Boyutları, sonuçları önceden kestirilemeyen koronavirüs salgınının salgın sonrası da sıkıntılara neden olacağı bilim adamlarınca açıklanıyor.

Bazı ülkeler gelecekteki sıkıntıları çözebilmek amaçlı birbirleriyletak çalışmalar yürütüyor.

Bizde ise her gün; yüzün üzerinde hayatını kaybedenler varken, topyekün birlikte el ele mücadeleye mecbur iken, toplumu ayrıştırma ötekileştirme söylemleri hiç de yakışık almıyor. Demokrasi, siyaset böyle olmamalı.

Korkunun ecele faydası yok. Bu ayrıştırıcı, bölücü dil 31 Mart ve 23 Haziranda en ağır şekilde kullanıldı.

Sonuçtada aziz milletimiz bu dili kabul etmiyor. Haksız yakıştırmaları şiddetle reddediyor.

Bu siyaset anlayışının ülkemize, milletimize hiçbir yararı zaten yok. Söyleyenlere hiç yok.
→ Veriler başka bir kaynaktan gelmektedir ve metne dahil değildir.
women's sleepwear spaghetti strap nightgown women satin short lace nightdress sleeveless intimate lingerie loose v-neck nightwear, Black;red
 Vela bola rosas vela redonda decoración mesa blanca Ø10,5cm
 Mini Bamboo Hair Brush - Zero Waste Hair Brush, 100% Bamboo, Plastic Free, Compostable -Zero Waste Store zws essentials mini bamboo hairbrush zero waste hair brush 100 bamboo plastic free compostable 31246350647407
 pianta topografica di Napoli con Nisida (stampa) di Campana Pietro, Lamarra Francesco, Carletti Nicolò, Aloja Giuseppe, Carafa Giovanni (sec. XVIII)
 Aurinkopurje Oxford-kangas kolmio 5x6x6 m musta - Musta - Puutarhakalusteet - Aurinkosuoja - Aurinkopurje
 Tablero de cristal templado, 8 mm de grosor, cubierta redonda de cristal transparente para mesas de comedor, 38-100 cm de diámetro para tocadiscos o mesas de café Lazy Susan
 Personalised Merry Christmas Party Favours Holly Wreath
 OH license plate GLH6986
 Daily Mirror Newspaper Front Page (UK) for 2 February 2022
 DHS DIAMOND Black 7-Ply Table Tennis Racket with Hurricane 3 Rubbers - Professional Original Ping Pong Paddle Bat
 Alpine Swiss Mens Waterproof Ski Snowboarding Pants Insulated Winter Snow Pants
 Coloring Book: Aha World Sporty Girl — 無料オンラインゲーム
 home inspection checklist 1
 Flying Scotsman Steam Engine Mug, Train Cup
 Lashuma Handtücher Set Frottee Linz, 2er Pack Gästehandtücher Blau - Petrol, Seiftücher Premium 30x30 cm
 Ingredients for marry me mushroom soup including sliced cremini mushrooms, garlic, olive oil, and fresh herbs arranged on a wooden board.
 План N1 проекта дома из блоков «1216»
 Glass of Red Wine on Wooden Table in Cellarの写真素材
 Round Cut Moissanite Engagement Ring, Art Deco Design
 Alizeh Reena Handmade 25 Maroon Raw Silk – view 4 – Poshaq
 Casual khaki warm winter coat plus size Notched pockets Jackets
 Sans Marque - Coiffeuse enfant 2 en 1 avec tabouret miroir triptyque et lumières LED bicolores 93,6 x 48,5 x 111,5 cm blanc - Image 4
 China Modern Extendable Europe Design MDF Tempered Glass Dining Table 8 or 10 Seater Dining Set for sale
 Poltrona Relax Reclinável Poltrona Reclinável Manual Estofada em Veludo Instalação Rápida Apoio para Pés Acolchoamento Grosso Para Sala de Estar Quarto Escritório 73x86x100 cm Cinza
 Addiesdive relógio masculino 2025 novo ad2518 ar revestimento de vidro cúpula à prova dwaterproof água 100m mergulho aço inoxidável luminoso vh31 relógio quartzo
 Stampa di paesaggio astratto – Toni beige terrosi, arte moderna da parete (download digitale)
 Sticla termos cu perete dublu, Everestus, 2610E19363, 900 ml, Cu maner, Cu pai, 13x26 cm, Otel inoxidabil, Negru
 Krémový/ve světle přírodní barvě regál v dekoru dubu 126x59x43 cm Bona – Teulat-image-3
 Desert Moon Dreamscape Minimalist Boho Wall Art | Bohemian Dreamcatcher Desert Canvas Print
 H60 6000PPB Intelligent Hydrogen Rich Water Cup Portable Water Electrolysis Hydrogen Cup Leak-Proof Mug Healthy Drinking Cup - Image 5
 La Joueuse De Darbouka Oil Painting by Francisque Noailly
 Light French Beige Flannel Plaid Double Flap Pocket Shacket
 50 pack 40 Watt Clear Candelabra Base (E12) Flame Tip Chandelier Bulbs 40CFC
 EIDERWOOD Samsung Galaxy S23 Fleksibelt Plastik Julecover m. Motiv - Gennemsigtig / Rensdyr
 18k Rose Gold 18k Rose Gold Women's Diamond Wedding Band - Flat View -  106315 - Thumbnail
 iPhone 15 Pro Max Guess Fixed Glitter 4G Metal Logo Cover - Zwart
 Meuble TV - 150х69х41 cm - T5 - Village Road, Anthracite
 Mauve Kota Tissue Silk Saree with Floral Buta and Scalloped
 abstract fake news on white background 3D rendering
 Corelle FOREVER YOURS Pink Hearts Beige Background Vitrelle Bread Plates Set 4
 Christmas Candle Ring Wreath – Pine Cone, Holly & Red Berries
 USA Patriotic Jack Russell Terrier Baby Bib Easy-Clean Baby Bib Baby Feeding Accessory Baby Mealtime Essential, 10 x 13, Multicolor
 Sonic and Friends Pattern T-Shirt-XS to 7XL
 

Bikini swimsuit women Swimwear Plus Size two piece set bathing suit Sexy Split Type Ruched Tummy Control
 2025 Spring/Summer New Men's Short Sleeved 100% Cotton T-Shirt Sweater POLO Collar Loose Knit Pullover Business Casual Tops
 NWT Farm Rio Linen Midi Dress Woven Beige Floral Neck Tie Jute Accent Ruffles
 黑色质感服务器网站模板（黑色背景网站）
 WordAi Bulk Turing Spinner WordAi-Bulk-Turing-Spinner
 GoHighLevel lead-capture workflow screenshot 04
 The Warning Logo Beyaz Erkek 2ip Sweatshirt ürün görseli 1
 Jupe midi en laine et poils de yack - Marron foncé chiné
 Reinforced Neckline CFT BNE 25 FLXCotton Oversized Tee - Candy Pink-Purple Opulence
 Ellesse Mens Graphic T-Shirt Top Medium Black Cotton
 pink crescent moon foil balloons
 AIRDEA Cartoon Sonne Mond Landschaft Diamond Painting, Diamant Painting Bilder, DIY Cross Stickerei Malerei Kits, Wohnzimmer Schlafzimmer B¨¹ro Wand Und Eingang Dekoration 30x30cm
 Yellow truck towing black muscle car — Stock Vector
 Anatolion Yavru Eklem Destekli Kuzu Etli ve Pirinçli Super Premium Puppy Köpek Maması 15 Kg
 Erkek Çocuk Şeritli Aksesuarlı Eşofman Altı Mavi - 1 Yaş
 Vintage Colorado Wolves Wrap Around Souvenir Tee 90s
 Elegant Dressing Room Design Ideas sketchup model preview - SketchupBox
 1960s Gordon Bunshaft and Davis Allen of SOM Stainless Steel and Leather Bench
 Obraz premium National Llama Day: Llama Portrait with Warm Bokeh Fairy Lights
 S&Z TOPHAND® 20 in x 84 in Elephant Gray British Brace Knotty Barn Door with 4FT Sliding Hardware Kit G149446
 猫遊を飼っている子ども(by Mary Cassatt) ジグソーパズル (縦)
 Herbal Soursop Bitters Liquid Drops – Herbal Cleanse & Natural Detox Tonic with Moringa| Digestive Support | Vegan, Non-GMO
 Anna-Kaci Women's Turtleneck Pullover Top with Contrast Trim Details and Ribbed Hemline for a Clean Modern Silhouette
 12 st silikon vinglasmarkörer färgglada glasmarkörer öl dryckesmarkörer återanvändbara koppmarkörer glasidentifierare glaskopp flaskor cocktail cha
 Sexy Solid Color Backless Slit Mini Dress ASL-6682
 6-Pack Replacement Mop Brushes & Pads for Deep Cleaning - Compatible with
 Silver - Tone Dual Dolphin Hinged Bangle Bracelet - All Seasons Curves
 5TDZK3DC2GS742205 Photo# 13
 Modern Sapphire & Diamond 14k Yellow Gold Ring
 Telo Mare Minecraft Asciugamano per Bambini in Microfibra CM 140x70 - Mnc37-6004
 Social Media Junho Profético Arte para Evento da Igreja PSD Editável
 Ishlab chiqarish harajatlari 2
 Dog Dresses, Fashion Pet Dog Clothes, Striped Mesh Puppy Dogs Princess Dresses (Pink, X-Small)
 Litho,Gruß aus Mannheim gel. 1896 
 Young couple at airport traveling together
Sıkıntıları el birliği ile milletçe, paylaşarak aşabiliriz.

Hele milletin bir bölümünü paralel yapıya benzetmek hiç yakışmıyor. Kimler beraber yürüdü, beraber ıslanmıştı.

Devletin yapısını yaptıkları düzenlemelerle, anayasa değişiklikleriyle TSK'da, yargıda bütün devlet kurumlarına yaptıkları atamalarla paralel yapıya adeta teslim eden siyasi düşüncenin yaptıklarını unutmuş gözükmeleri de ayrıca üzüntü vericidir. Ayrıca iftira, haksız itham dinimizce en büyük günahlardandır. Siyaseten de sonuçlarıtadadır.

Cezaevlerinde doluluk korona virüs salgını nedeniyle sonuçta af niteliği taşıyan yasa çıkarıldı.

Adrese teslim sonuçlar sağlandı.

Rüşvet alanlar, rant yaratanlar, görevlerini kötüye kullanarak kamuya zarar verenler de affedildi.

Cenab-ı Allah'ın "Rüşvet veren de alan da cehennemdedir" hadisi şerifleri adeta yok sayıldı.

Kamu malına, tüyü bitmedik yetimlerin parasını gasp edenlerin affedilmeleri, gelecek için de çok kötü bir yol haline getirilmesidir.

Devlette görev alanların yaptıkları işlerin hesabını vermeleri, hukuk devletlerinde, gerçek demokrasilerde vardır. Bazı iş ve işlemlerin özellikle para işlerinde görevlilerin hesaptan muaf tutulması güveni sarsacak bir düzenleme olmuştur.